In this case, the full ionic equation of the reaction coincides with the abbreviated one. This reaction proceeds to completion, as evidenced by two facts at once: the formation of a substance insoluble in water and the release of water.

3. If a gaseous substance is released as a result of a reaction.

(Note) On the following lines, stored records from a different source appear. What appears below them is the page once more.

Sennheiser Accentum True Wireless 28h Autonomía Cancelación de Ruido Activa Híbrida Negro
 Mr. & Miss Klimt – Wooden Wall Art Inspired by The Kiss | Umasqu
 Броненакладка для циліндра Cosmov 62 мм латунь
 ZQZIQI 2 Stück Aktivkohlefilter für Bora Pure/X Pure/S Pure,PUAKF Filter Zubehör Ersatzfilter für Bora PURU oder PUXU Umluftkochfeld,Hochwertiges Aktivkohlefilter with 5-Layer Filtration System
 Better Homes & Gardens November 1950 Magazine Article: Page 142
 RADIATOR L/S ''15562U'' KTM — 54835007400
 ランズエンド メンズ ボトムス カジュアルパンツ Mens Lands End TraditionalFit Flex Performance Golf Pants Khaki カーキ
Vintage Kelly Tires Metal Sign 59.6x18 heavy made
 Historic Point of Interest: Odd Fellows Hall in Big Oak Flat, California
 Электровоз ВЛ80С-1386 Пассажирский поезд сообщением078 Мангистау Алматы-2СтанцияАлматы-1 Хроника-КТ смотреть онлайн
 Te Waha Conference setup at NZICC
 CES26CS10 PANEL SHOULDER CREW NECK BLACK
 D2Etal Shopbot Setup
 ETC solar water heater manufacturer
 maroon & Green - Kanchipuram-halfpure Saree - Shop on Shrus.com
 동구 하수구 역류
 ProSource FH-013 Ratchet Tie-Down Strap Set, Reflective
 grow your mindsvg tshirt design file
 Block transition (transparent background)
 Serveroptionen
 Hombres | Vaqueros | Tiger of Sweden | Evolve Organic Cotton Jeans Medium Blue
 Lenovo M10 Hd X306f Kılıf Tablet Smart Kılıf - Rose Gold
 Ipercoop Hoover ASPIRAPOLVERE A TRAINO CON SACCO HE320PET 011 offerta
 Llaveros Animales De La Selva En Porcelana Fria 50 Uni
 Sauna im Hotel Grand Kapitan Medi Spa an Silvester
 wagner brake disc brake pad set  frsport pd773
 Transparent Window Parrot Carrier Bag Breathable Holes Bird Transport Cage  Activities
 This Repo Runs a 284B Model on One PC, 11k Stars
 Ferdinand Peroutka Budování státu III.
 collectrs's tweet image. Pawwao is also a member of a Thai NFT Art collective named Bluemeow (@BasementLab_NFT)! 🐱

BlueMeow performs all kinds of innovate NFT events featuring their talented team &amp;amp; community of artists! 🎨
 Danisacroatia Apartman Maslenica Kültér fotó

COMPLETE TASKS ON THE TOPIC "ION EXCHANGE REACTIONS"

Task No. 1.
Determine whether interaction can occur between solutions of the following substances, write down the reactions in molecular, complete, short ionic form:
potassium hydroxide and ammonium chloride.

Solution

We compose chemical formulas of substances by their names, using valencies and write RIO in molecular form (we check the solubility of substances using TR):

KOH + NH4 Cl = KCl + NH4 OH

since NH4 OH is an unstable substance and decomposes into water and NH3 gas, the RIO equation will take its final form

KOH (p) + NH4 Cl (p) = KCl (p) + NH3 + H2 O

We compose the complete ionic equation of RIO using TR (don’t forget to write down the charge of the ion in the upper right corner):

K+ + OH- + NH4 + + Cl- = K+ + Cl- + NH3 + H2 O

We create a short ionic equation for RIO, crossing out identical ions before and after the reaction:

OH - + NH 4 + = NH 3 + H2O

We conclude:
Interaction between solutions of the following substances can occur, since the products of this RIO are gas (NH3) and a poorly dissociating substance water (H2 O).

Task No. 2

The diagram is given:

2H + + CO 3 2- = H2 O+CO2

Select substances whose interaction in aqueous solutions is expressed by the following abbreviated equations. Write the corresponding molecular and total ionic equations.

Using TR we select reagents - water-soluble substances containing 2H ions + and CO3 2- .

For example, acid - H 3 P.O.4 (p) and salt -K2 CO3 (p).

We compose the molecular equation of RIO:

2H 3 P.O.4 (p) +3 K2 CO3 (p) -> 2K3 P.O.4 (p) + 3H2 CO3 (p)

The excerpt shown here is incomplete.